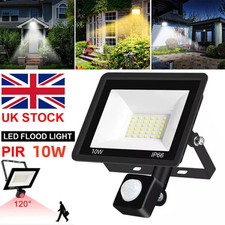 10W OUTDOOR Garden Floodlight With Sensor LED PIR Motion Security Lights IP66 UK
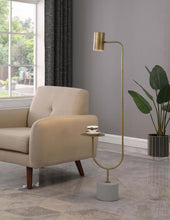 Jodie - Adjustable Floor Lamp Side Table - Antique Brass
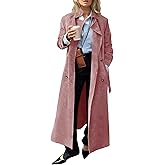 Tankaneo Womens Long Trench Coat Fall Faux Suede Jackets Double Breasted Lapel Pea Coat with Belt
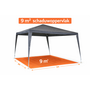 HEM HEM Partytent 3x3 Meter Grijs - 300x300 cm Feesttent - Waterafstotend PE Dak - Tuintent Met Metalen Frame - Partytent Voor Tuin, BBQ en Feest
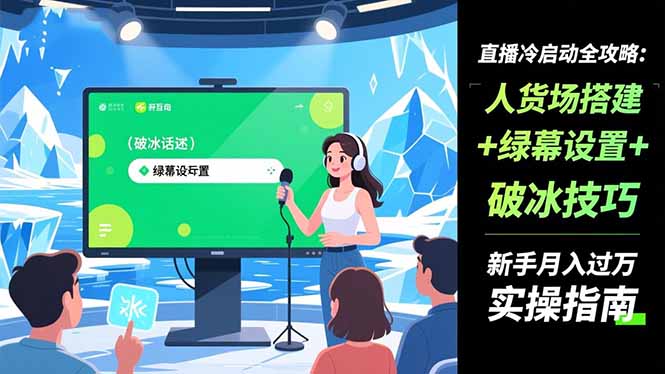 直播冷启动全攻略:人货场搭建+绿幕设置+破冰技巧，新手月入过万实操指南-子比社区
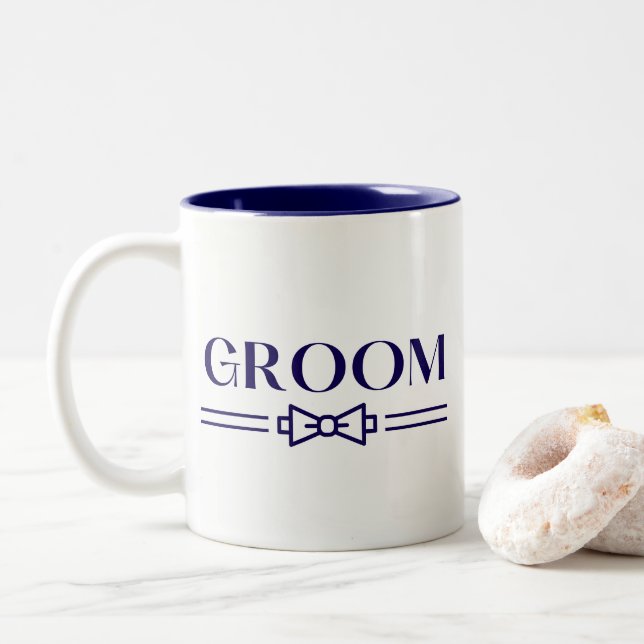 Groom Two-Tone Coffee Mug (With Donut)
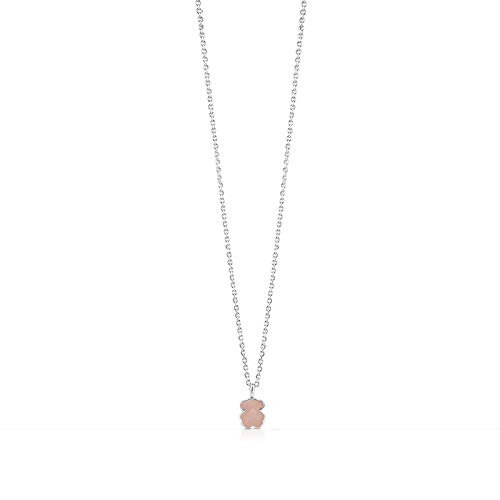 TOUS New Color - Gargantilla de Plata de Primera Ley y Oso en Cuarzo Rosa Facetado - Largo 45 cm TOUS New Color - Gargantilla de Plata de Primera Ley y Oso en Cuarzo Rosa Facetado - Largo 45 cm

* * *

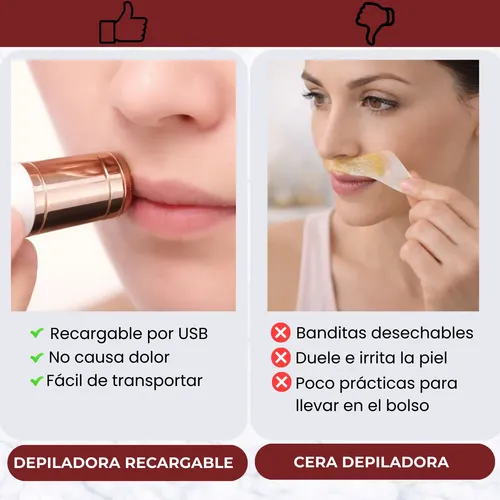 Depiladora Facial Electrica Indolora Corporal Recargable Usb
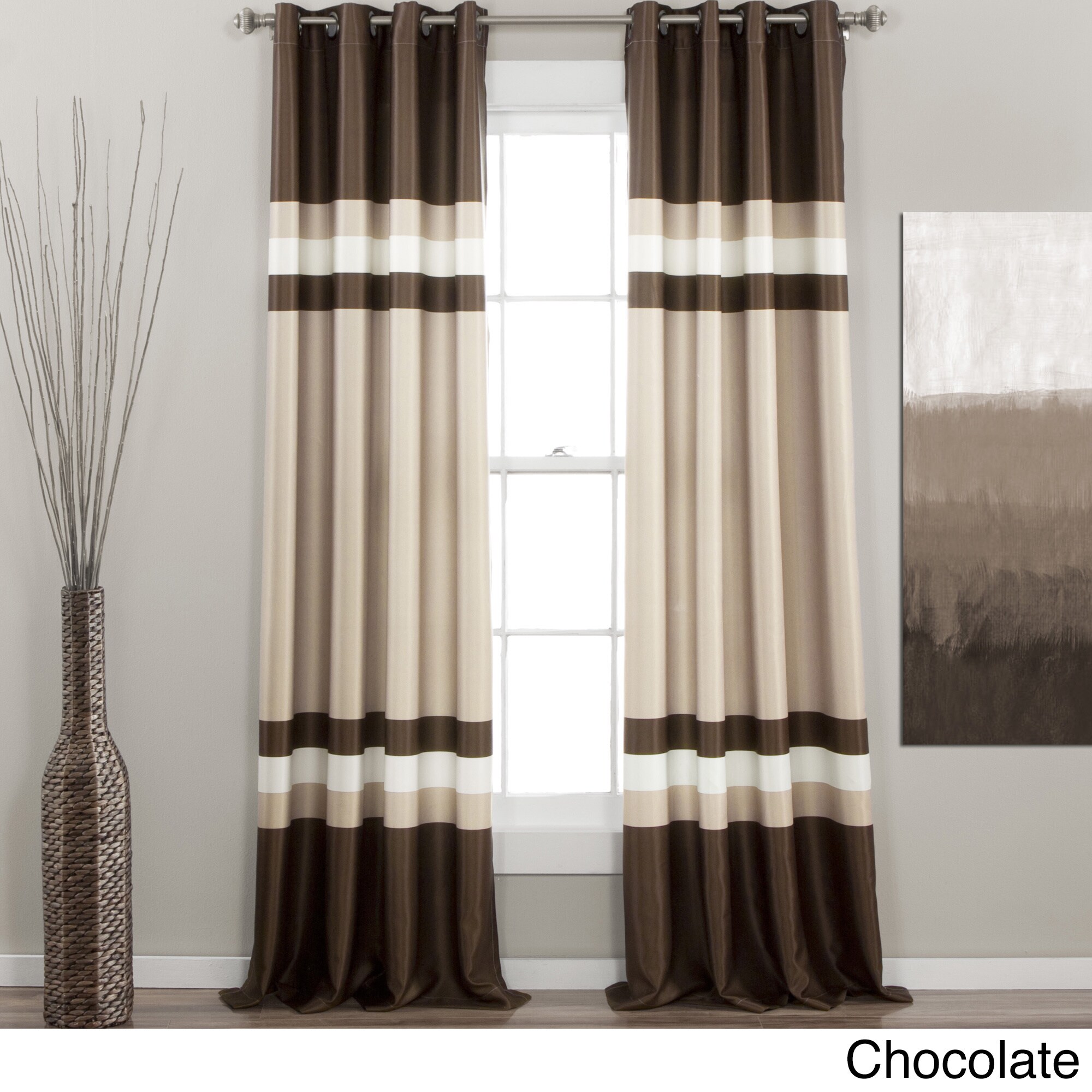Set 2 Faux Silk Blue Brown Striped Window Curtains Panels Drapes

▶ WHAT THIS TASK INVOLVES: In the material above, which lines fall between the one holding "10W OUTDOOR Garden" and the one holding "cm TOUS New", inclusive? Print exactly those, with the pictures left out.

▶ RESULT OF THIS EXERCISE:
 10W OUTDOOR Garden Floodlight With Sensor LED PIR Motion Security Lights IP66 UK
 Jodie - Adjustable Floor Lamp Side Table - Antique Brass
 Tankaneo Womens Long Trench Coat Fall Faux Suede Jackets Double Breasted Lapel Pea Coat with Belt
 HEM HEM Partytent 3x3 Meter Grijs - 300x300 cm Feesttent - Waterafstotend PE Dak - Tuintent Met Metalen Frame - Partytent Voor Tuin, BBQ en Feest
 直播冷启动全攻略:人货场搭建+绿幕设置+破冰技巧，新手月入过万实操指南-子比社区
 Groom Two-Tone Coffee Mug (With Donut)
 TOUS New Color - Gargantilla de Plata de Primera Ley y Oso en Cuarzo Rosa Facetado - Largo 45 cm TOUS New Color - Gargantilla de Plata de Primera Ley y Oso en Cuarzo Rosa Facetado - Largo 45 cm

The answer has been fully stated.